5.1. The Attention-Interest-Desire-Action process according to sensory guidelines

The most widespread learning model in the buying behavior of a consumer is a recurring theme in advertising effectiveness (Sánchez, 1999; Martí, 2012). Thus, the models AIDA (Attention, Interest, Desire, Action) or AMBER (Attention-Motivation-Brand Engagement-Response) reflects the various stages through which the human being passes when his attention is focused on a product (or a brand) and finally gets to buy it (or not). With the attention variable, we try to attract the attention of the potential client, capture it through one of the five senses to try to stimulate the next variable, the interest in the brand product. Attention is attracted, for example, by attacking the sense of smell through the perfume of an establishment, through a visual and creative showcase or through a tasting. If it is possible to create that interest in the product or brand, this moment should be used to explain the benefits offered by said product or brand. Thus, it is about activating in the brain the sensory part that allows the potential client to want to know more. Touching the product, for example, can be a true reflection of that interest. To move on to the next item, desire, what is intended is that the customer wants the product over another, whether substitute or not, of the competition or not. The moment the attention of the potential client is attracted is when it is necessary to persuade (or convince) him that the product is “his product”. If, with these three variables, the foundations have been laid, the potential customer will be predisposed for a purchase action.
In this induced individual psychological process, sensations, perceptions and emotions play a great role. Throughout the tour, if it has been possible to make the client feel, get excited and enjoy, an immediate sale action will have been achieved.

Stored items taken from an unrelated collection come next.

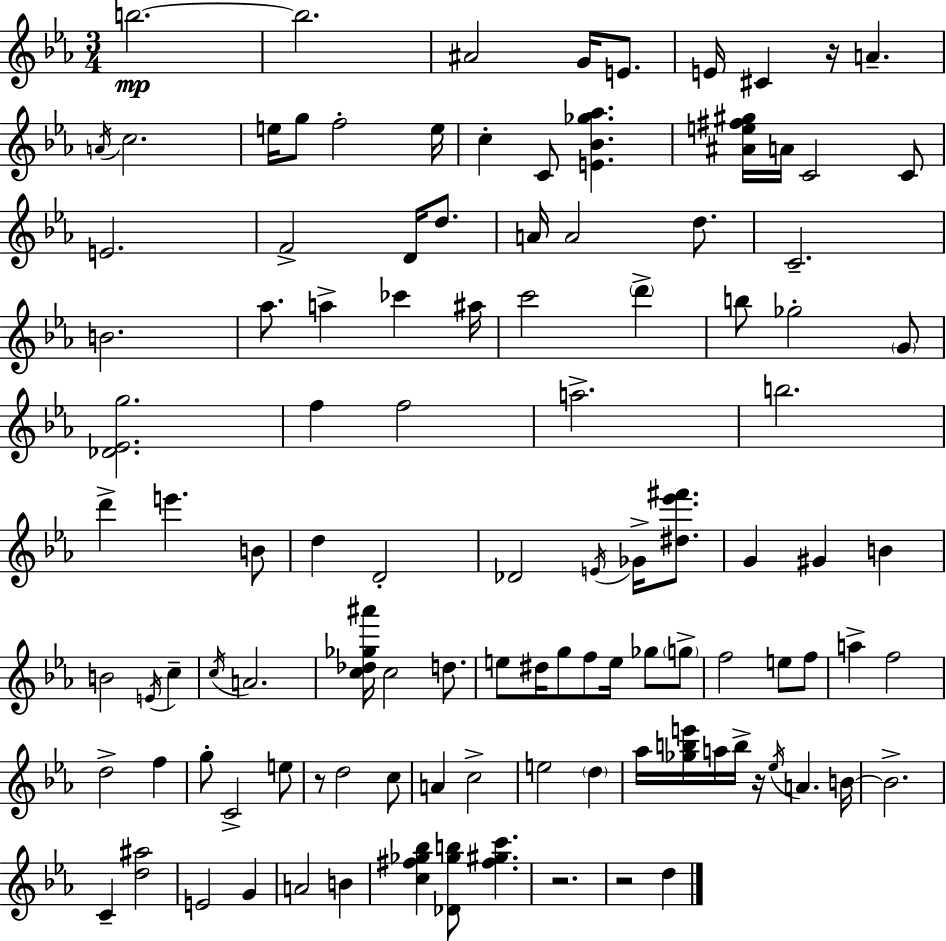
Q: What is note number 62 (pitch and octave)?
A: G5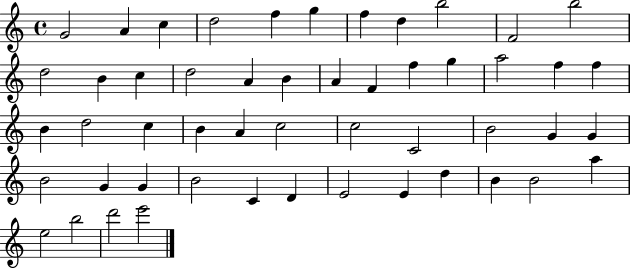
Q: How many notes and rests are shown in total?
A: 51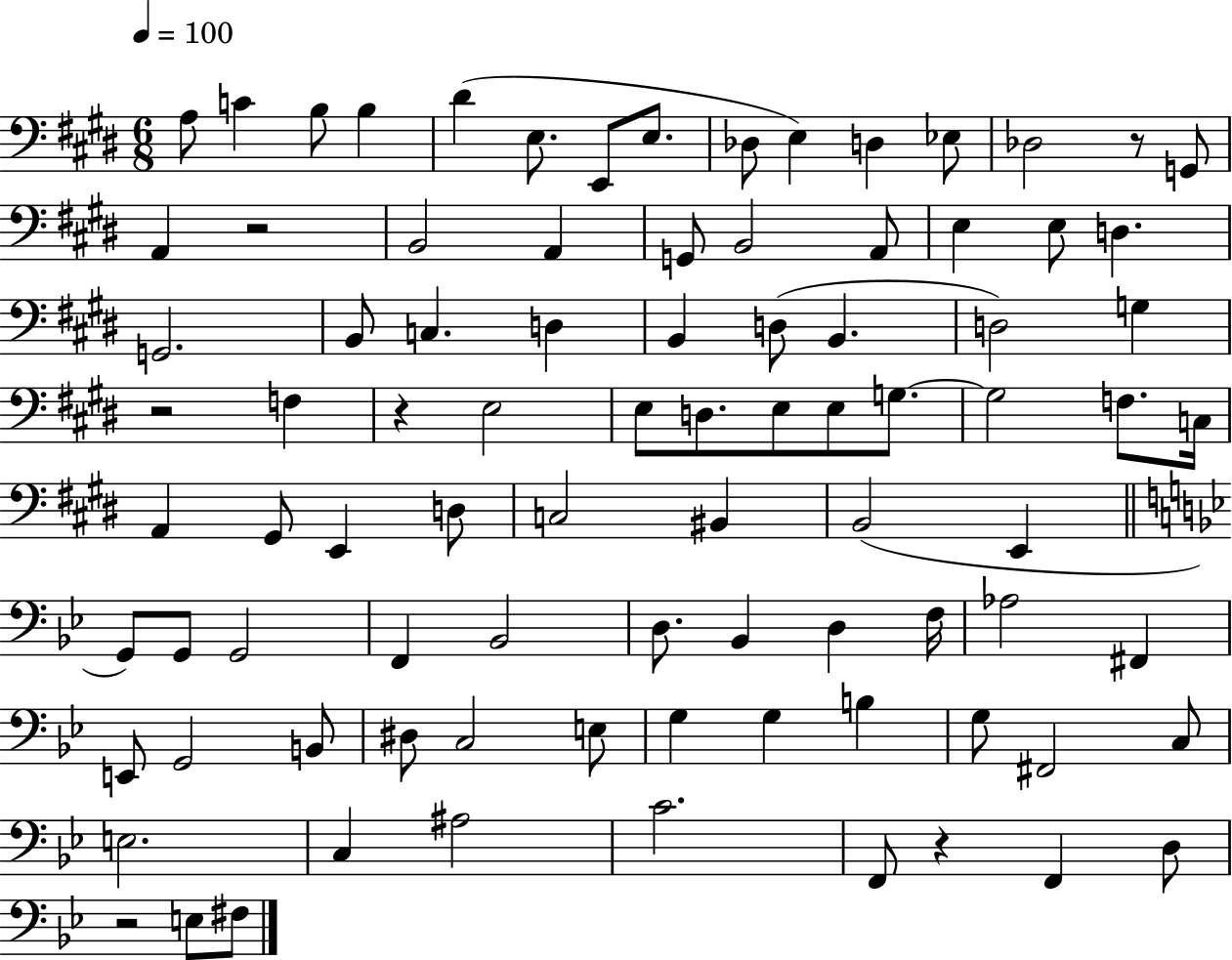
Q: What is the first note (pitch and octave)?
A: A3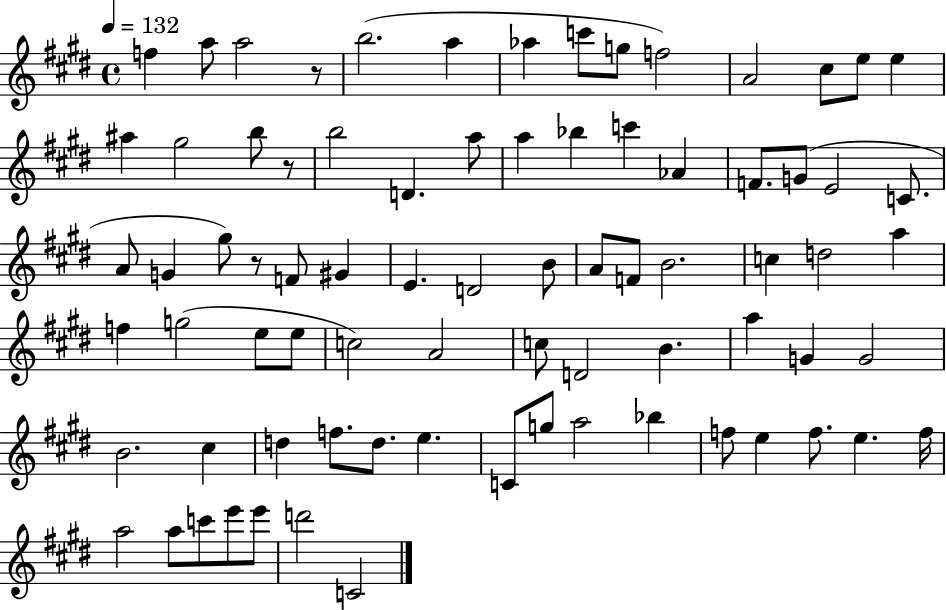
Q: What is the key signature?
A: E major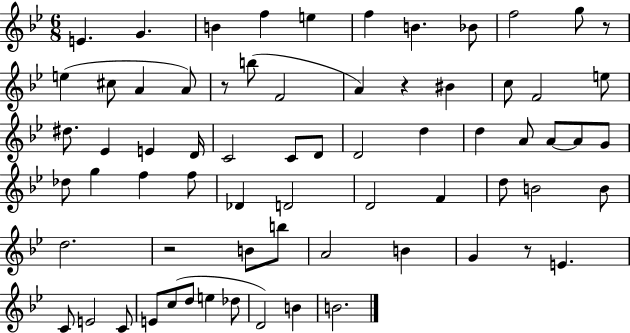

5.2. The consumer faced with sensory stimuli

In the first place, the terms stimulus, sense, sensation and perception must be distinguished, as already indicated by Castanyol (2014). Because, let us differentiate: A stimulus is any kind of energy that can be responded to; A sense is a particular physiological path by which one can respond to a specific type of energy; and, for its part, the sensation is the feeling that is experienced in response to the information received through our sensory organs. Thus, perception is the way in which our organism organizes those feelings to interpret them, that is, it is the recognition of objects that come from combining sensations with the memory of previous sensory experiences.
In line with this, it is also interesting to know the concept of absolute threshold which, to Valenti & Riviere (2008) is the smallest intensity of a stimulus that can be perceived. Thus, studies like those by Schiffman and Kanuk (2005), Hulten (2011) or Haase & Wiedmann (2018) have shown that, under ideal conditions, the human senses are able to perceive stimuli as subtle as the equivalent ones estimated life real. The expression “under ideal conditions” is already significant that the sensitivity of our senses depends on the background level of the stimulation. On the other hand, the differential threshold is the smallest difference in intensity required so that a difference can be perceived between two stimuli. This relationship between the original stimulus and any increase or decrease is known as Weber’s law (Schiffman and Kanuk, 2005), who was the first to notice that the greater the stimulus, the greater the change so that it can be perceived.
At this point, we can talk about the different sensations and experiences that a consumer can have at the points of sale. That is, how the consumer reacts to sensory stimuli through (Braidot, 2014):

  • Adaptation. Sometimes you are not aware of certain variations in the stimuli because you have undergone an adaptation to them. The consumer’s mind has become accustomed to a certain level of stimulation and no longer responds to it consciously. To adapt, therefore, is to decrease the response levels of sensory receptors undergoing continuous stimulation.
  • Attention . When living surrounded by stimuli, a person cannot perceive all of them at once. But if you focus on one of them in particular, it goes to the foreground of your consciousness. Occasionally, stimuli are difficult to ignore, thus causing a Stroop effect (7).
  • Sensory systems. The sensory system is part of the nervous system and responsible for processing the information that is captured through the various senses. It consists of sensory receptors and parts of the brain involved in sensory reception. The main sensory systems are the five senses, but they are not the only ones. Other senses come into play such as the vestibular, responsible for warning us if we go up or down, the proprioceptive, which notes the position of the limbs, the cenesthetic, responsible for muscle tension and balance, or the interoceptive, which gives information about internal organs.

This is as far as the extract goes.